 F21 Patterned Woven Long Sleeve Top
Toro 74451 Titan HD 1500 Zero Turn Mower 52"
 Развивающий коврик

= = = = =

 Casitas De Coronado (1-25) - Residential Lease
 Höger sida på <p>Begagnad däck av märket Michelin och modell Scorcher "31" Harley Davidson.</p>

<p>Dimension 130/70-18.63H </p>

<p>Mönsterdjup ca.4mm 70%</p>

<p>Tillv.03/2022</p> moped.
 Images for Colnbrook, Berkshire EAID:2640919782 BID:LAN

= = = = =

**About this task:** Using the listing above, return word for word each line from the one that has "<p>Mönsterdjup ca.4mm 70%</p>" through the one that has "Images for Colnbrook, Berkshire", and no line outside that range.

**Finished task:**
<p>Mönsterdjup ca.4mm 70%</p>

<p>Tillv.03/2022</p> moped.
 Images for Colnbrook, Berkshire EAID:2640919782 BID:LAN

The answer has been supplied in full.